■ **Work request**:
Before you return the lines below, strip out any images and keep every word as written.

■ **Provided material**:

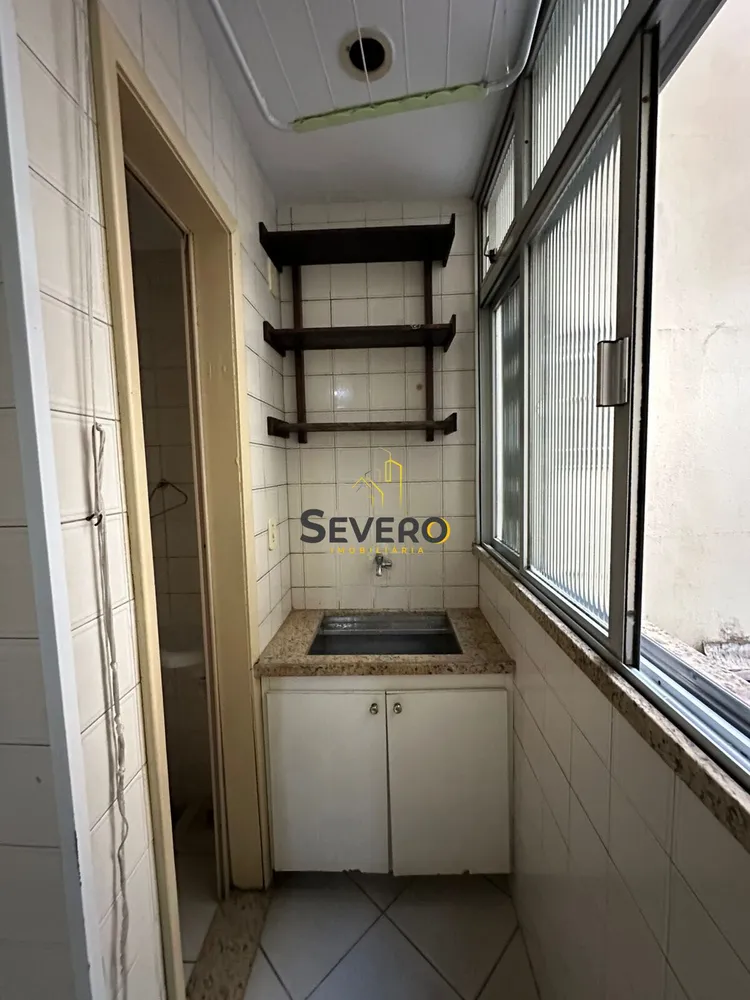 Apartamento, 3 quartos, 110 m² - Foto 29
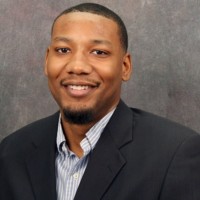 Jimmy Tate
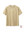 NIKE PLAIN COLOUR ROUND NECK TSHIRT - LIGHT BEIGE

■ **Solution to the problem**:
 Apartamento, 3 quartos, 110 m² - Foto 29
 Jimmy Tate
 NIKE PLAIN COLOUR ROUND NECK TSHIRT - LIGHT BEIGE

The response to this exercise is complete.